__Task__
For the word "Women", return each line of the data in which it occurs.

(Stored data)
Start of Block
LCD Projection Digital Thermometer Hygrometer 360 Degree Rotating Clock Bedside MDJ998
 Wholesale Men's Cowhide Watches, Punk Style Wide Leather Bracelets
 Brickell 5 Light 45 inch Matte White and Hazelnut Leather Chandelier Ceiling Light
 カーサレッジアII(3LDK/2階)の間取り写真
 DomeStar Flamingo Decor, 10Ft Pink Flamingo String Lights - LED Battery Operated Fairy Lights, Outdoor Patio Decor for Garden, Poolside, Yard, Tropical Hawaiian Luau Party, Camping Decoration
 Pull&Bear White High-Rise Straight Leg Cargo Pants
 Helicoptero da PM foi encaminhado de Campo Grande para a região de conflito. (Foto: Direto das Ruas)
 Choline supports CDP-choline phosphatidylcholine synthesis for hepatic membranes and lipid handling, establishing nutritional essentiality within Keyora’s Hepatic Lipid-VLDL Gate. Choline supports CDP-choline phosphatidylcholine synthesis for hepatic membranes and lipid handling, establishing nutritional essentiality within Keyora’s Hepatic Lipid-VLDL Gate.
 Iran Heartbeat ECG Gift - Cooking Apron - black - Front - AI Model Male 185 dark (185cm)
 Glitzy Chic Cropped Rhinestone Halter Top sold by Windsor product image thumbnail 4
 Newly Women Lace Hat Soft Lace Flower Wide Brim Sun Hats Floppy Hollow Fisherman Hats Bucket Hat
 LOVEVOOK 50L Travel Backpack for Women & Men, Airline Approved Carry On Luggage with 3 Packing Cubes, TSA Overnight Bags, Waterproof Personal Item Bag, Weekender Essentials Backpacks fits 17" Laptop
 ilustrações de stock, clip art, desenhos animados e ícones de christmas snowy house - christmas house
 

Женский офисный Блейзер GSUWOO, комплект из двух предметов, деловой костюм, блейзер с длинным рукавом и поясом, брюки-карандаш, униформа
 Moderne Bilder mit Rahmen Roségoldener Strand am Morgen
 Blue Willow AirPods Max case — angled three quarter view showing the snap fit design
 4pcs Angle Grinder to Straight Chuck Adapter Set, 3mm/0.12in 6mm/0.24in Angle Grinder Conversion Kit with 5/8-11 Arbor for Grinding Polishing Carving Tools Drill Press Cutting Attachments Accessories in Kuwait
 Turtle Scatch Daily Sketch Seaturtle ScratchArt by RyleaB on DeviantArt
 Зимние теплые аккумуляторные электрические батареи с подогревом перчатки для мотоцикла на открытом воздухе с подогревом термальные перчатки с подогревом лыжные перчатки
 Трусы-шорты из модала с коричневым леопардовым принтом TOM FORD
End of Block
__Exercise response__
 Newly Women Lace Hat Soft Lace Flower Wide Brim Sun Hats Floppy Hollow Fisherman Hats Bucket Hat
 LOVEVOOK 50L Travel Backpack for Women & Men, Airline Approved Carry On Luggage with 3 Packing Cubes, TSA Overnight Bags, Waterproof Personal Item Bag, Weekender Essentials Backpacks fits 17" Laptop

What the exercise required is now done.